Is This the Correct Method for Finding dy/dx of y = ln(sin^{-1}(x))?

[monet A]

To find dy/dx for

$$y = ln(sin^{-1}(x))$$

I did this:

$$y = ln(sin^{-1}(x))$$

so

$$e^y = (sin^{-1}(x))$$

and

$$e^y \frac {dy}{dx} = \frac {1} {\sqrt{1-x^2}}$$

then

$$\frac {dy}{dx} = \frac {1}{\sqrt {1-x^2} * e^y}$$

$$= \frac {1}{\sqrt {1-x^2} * e^{ln(sin^{-1}(x))}}$$

$$= \frac {1}{\sqrt {1-x^2} * (sin^{-1}(x))}}$$

I think that its all valid implicit differentiation but I m not 100% confident about it, please help.

 

[hypermorphism]

It looks fine to me, and the result checks out with ordinary differentiation.

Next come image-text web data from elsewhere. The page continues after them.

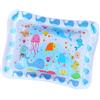 Qfdiwr Tappetino Acquatico per Giochi - Lettino Ad Acqua Pieghevole Per Cani,Accessorio per Animali Domestici Gonfiabile Rinforzato per Casa Interni Esterno Soggiorno Camera da Letto Tutte le Età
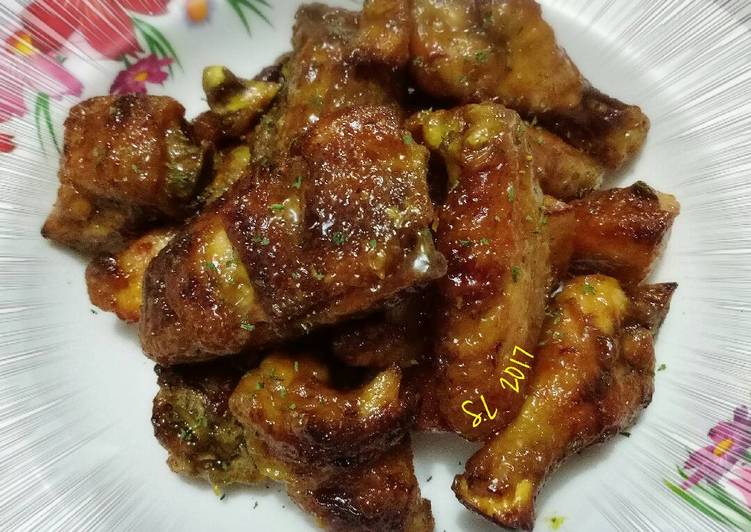 Baked Honey Mustard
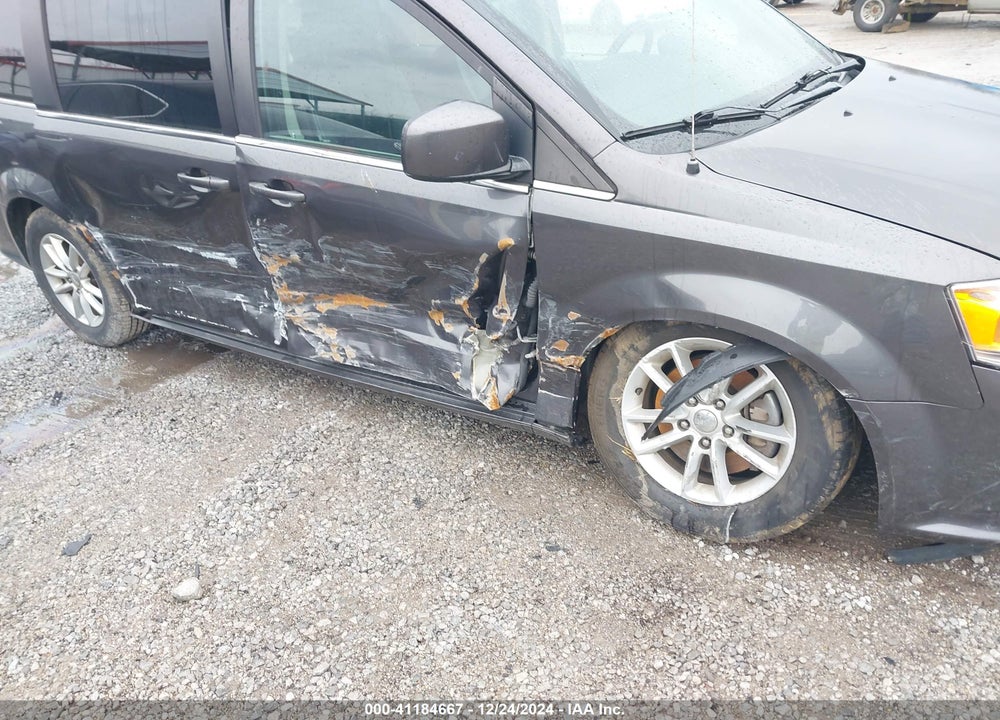 2019 DODGE GRAND CARAVAN SXT VIN: 2C4RDGCGXKR712943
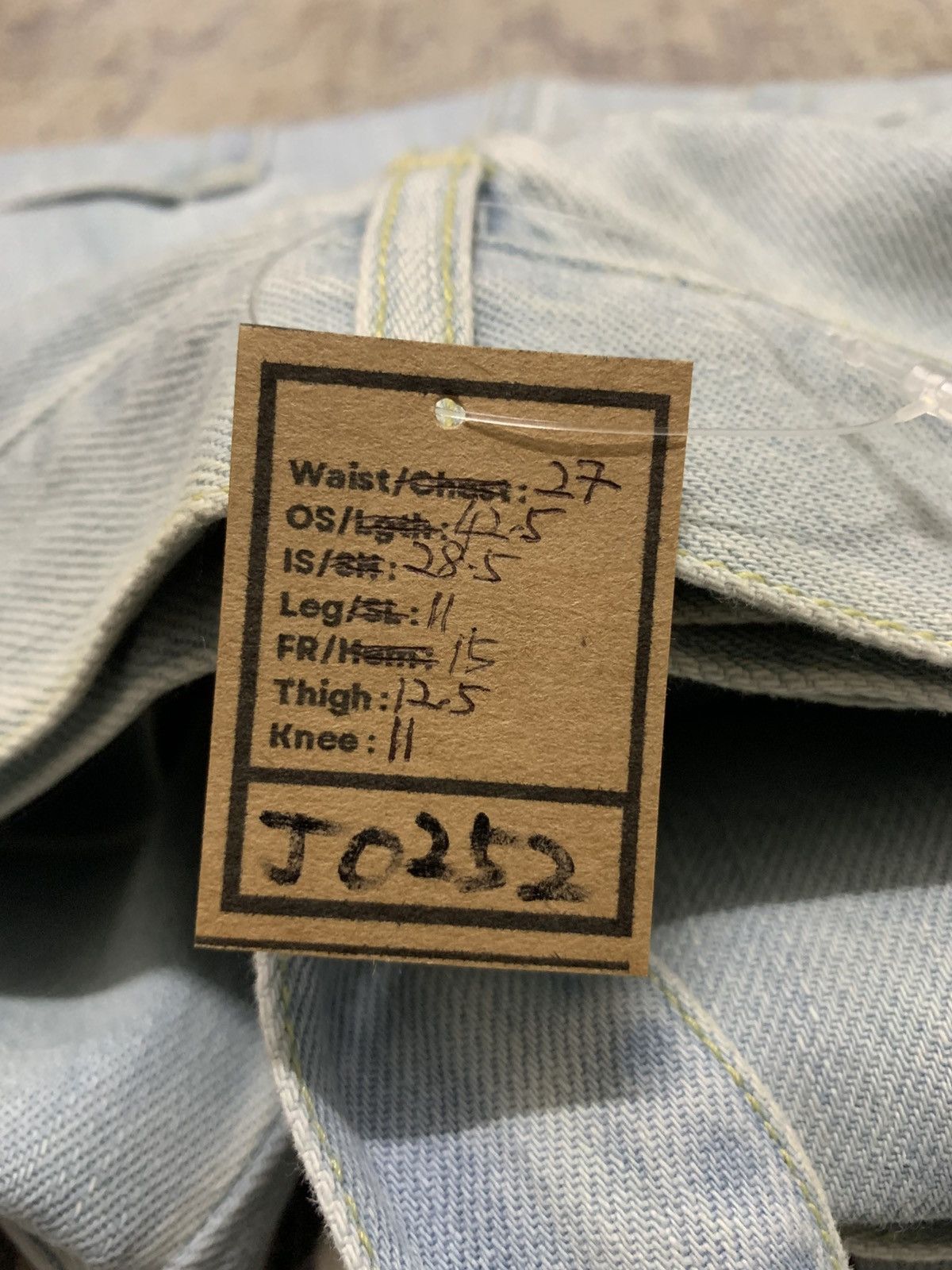 Ciaopanic Japanese Brand CIAOPANIC Distressed Baggy Jeans Pants Size 27" / US 4 / IT 40 - 15 Thumbnail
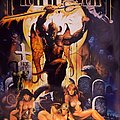 Manowar - Other Collectable - Manowar promo Poster 2005 Hell on Earth IV 85x60 e 60x45 Nuclear Blast Power...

Which part were you uncertain about ?

 

[Zurtex]

You could have just as easily applied the chain rule but that seems to be fine

 

[monet A]

It looks fine to me, and the result checks out with ordinary differentiation. Which part were you uncertain about ?

Just the validity of transferring y to differentiate both sides, I wasn't sure that I was differentiating the same equation, probably over thinking it.

Thanks heaps though because I think I am starting to become more capable with it but I don't want to be overconfident in mistakes.